### Records for the exercise

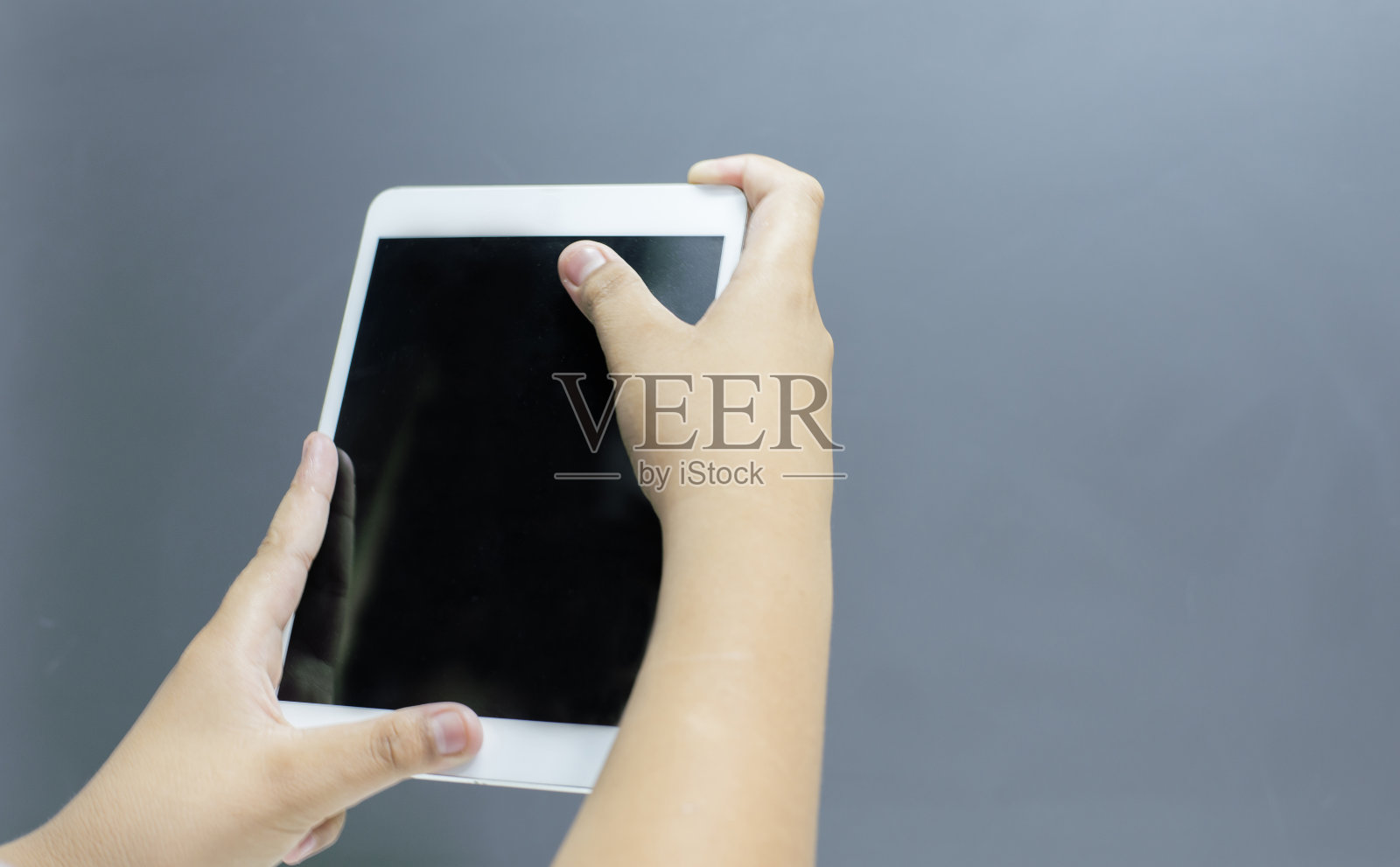 灰色背景上的手势和ipad照片摄影图片
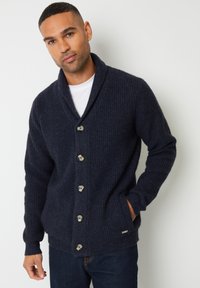 Cardigan in maglia a coste blu navy con collo a scialle, cinque bottoni e tasche laterali; presenta un tessuto strutturato e un dettaglio logo sottile all'orlo.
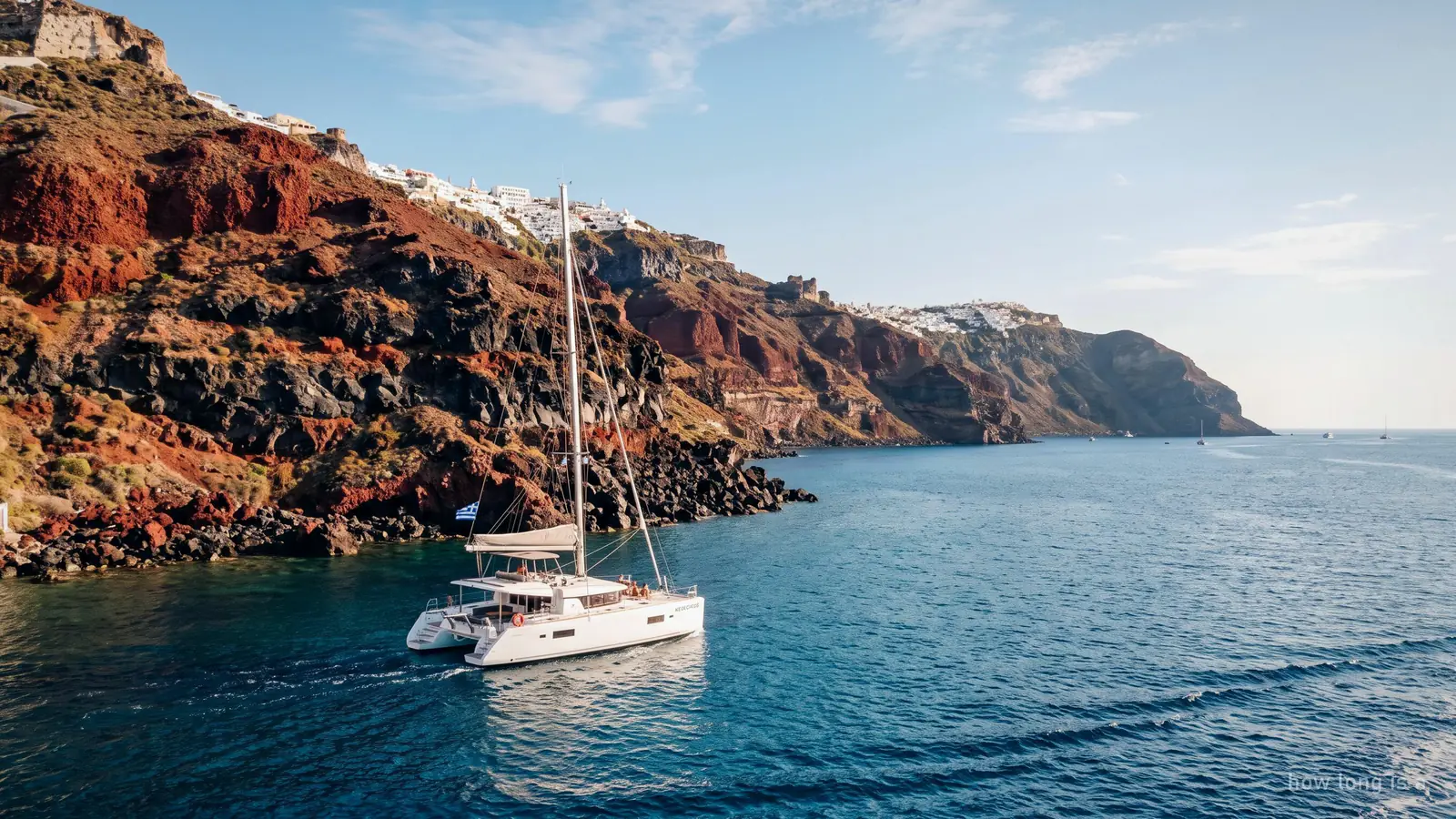 A catamaran sailing past the red and black volcanic cliffs of southern Santorini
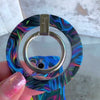 Neon Taffy matching set video: silver MagSafe grip ring snapped onto the swirled neon marble iPhone case, then the matching scrunchie wristlet clipped to the case and worn on the wrist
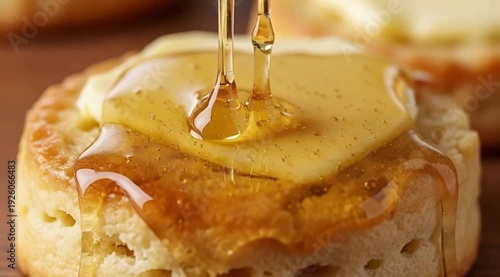 A stream of golden honey being drizzled over a buttered biscuit. Style Slow-motion, sensual food film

### Brief
Output the whole listing again, exactly, without its pictures.

### Result of the task
 灰色背景上的手势和ipad照片摄影图片
 Cardigan in maglia a coste blu navy con collo a scialle, cinque bottoni e tasche laterali; presenta un tessuto strutturato e un dettaglio logo sottile all'orlo.
 A catamaran sailing past the red and black volcanic cliffs of southern Santorini
 Neon Taffy matching set video: silver MagSafe grip ring snapped onto the swirled neon marble iPhone case, then the matching scrunchie wristlet clipped to the case and worn on the wrist
 A stream of golden honey being drizzled over a buttered biscuit. Style Slow-motion, sensual food film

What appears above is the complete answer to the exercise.